Change some annotations for existing dataset


I already have a dataset with ner-annotations, which I imported using the db-in command.
Now I want to change some of these annotations, which I do by exporting the original dataset with the db-out command, filtering for the examples that I want to reannotate and feed them into the ner.manual recipe.
The resulting examples have the correct (revised) spans, but the same _task_hash as the original examples. This I fixed by including the following in the ner.manual recipe:

    def before_db(answers):
        if highlight_chars:
            answers = remove_tokens(answers)
        return [set_hashes(eg, overwrite=True) for eg in answers]

But what is the best way to combine these new annotations with the existing dataset? If I use the review recipe, it shows all of the examples but I'd like to review only those for which I changed the annotations. Also I don't really understand the review interface.
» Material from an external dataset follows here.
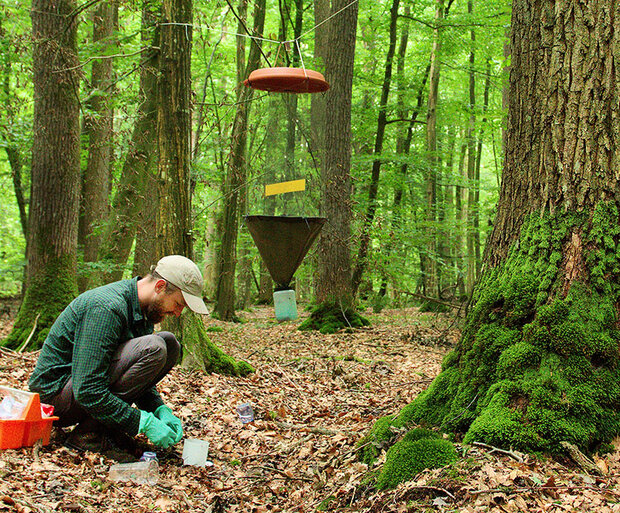 Wissenschaftler entleert im Wald Insektensammlern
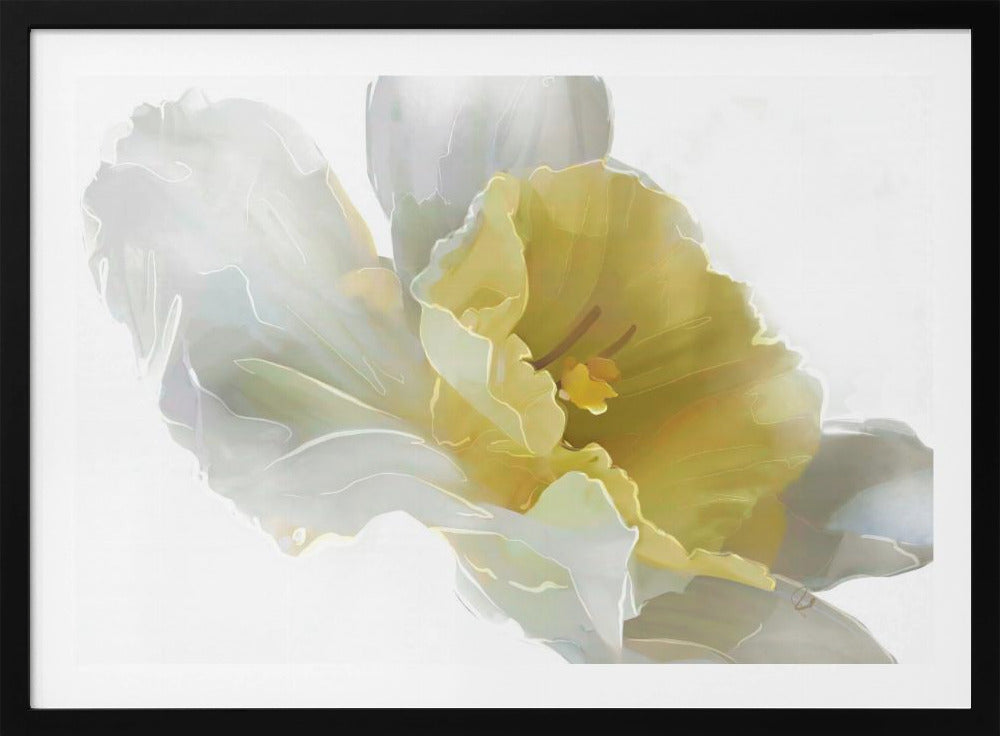 Narcis | Poster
What does accept/reject mean in this context and how do I create a "regular" dataset from the review dataset?
And db-merge would only concatenate the two datasets, correct?

So is this really the best workflow for this problem or is there something more straightforward? And what is the best way to do this merge? Do I need to customize the review recipe?


Hi! The idea of the review interface and workflow is basically to let you walk through all annotations again and create a "master annotation session" where you have the final say on every example (while being able to view all other answers – e.g. the different versions created in the manual interfaces or the accept/reject decisions made by different annotators). The data you create will have the same format as a regular Prodigy task, so you can export and train from it. It will also preserve the versions, so you can always reconstruct what lead to the decision.

The accept/reject mapping works just like it does in the regular annotation interfaces – for binary decisions, it's the answer, for manual decisions you can use "reject" to mark examples that are otherwise wrong (tokenization, broken markup etc).

One thing that maybe makes your workflow a bit special is that you already know what you want to re-annotate (which isn't always the case). This also means that you do need one extra process to filter out the examples you want to use, so Prodigy knows what to queue up.

A straightforward workflow for this could be:

  • Run your script and create two segments of the data: one to reannotate, one to keep.
  • Create a new dataset and import the annotations you want to keep.
  • Start up the server with the recipe you want to use (e.g. review if you want to review multiple annotations on the same data, or a recipe like ner.manual if you just want to stream in the data again). Save the annotations you collect to the previously created set.